Problem to solve -> If a picture appears in the records, skip it; copy everything else exactly.

Supplied information ->
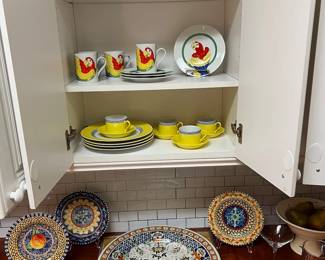 Fitz & Floyd "Parrot-in-Ring" plates/mugs, Fitz & Floyd "Circa" plates/cups/saucers, Williams Sonoma plates, Supreme Cutlery stainless flatware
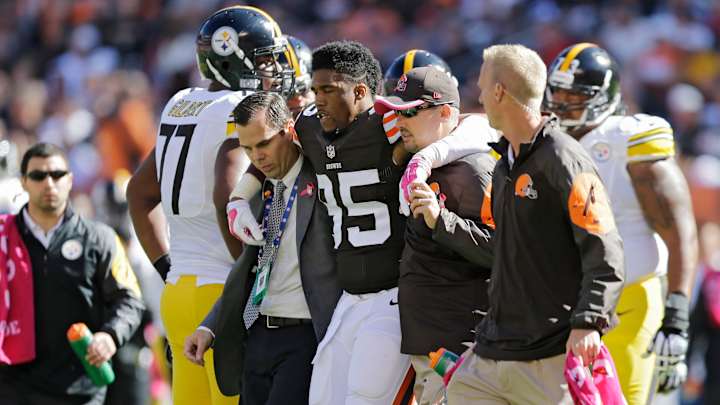 Reports: Browns DE Armonty Bryant, C Alex Mack out for season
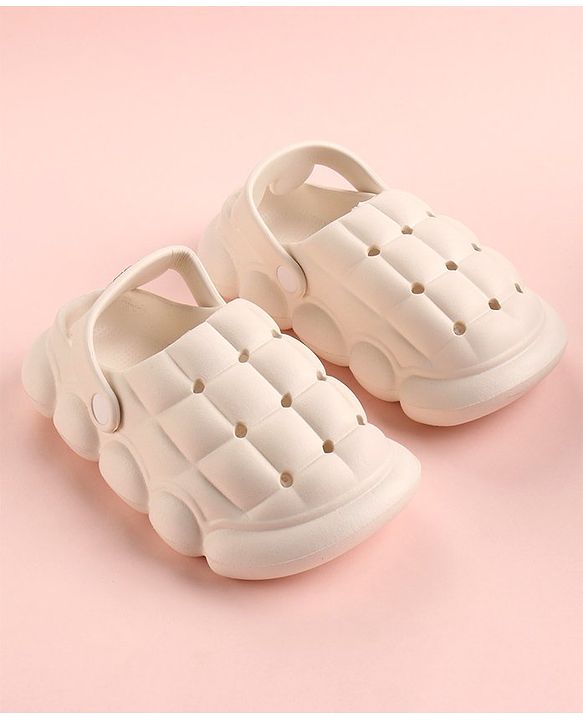 Cute Walk by Babyhug Slip On Clogs Cube Design - Pink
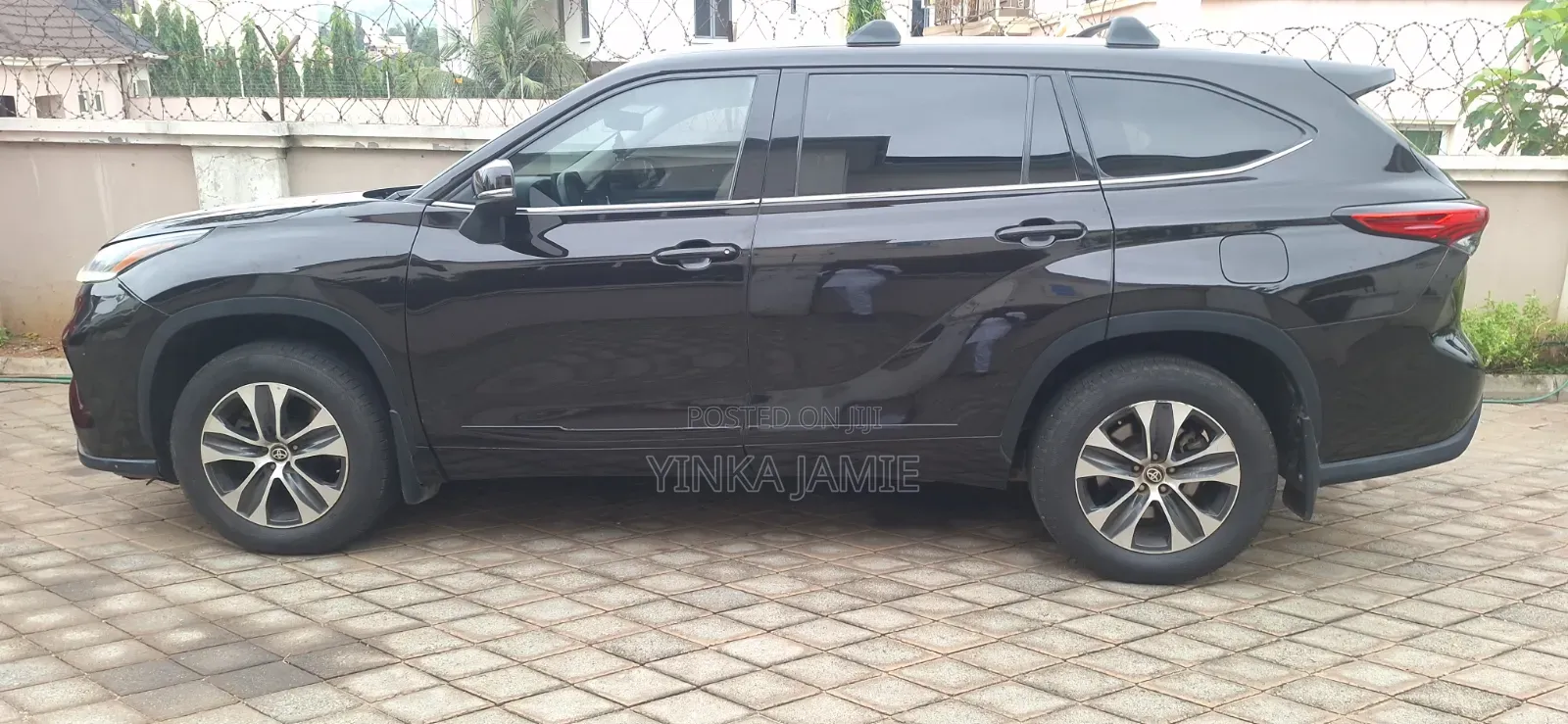Toyota Highlander XLE 2022 Maroon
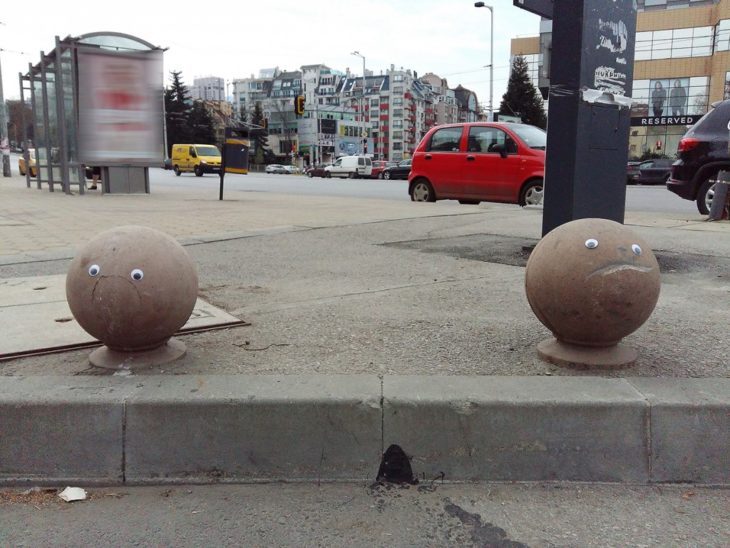 eyebombing para dos esferas que parecen tener caras tristes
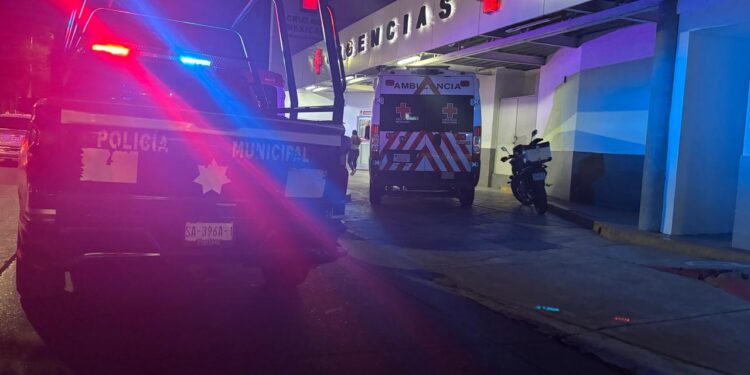 Atacan a balazos a un hombre en la colonia El Barrio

Written solution ->
 Fitz & Floyd "Parrot-in-Ring" plates/mugs, Fitz & Floyd "Circa" plates/cups/saucers, Williams Sonoma plates, Supreme Cutlery stainless flatware
 Reports: Browns DE Armonty Bryant, C Alex Mack out for season
 Cute Walk by Babyhug Slip On Clogs Cube Design - Pink
Toyota Highlander XLE 2022 Maroon
 eyebombing para dos esferas que parecen tener caras tristes
 Atacan a balazos a un hombre en la colonia El Barrio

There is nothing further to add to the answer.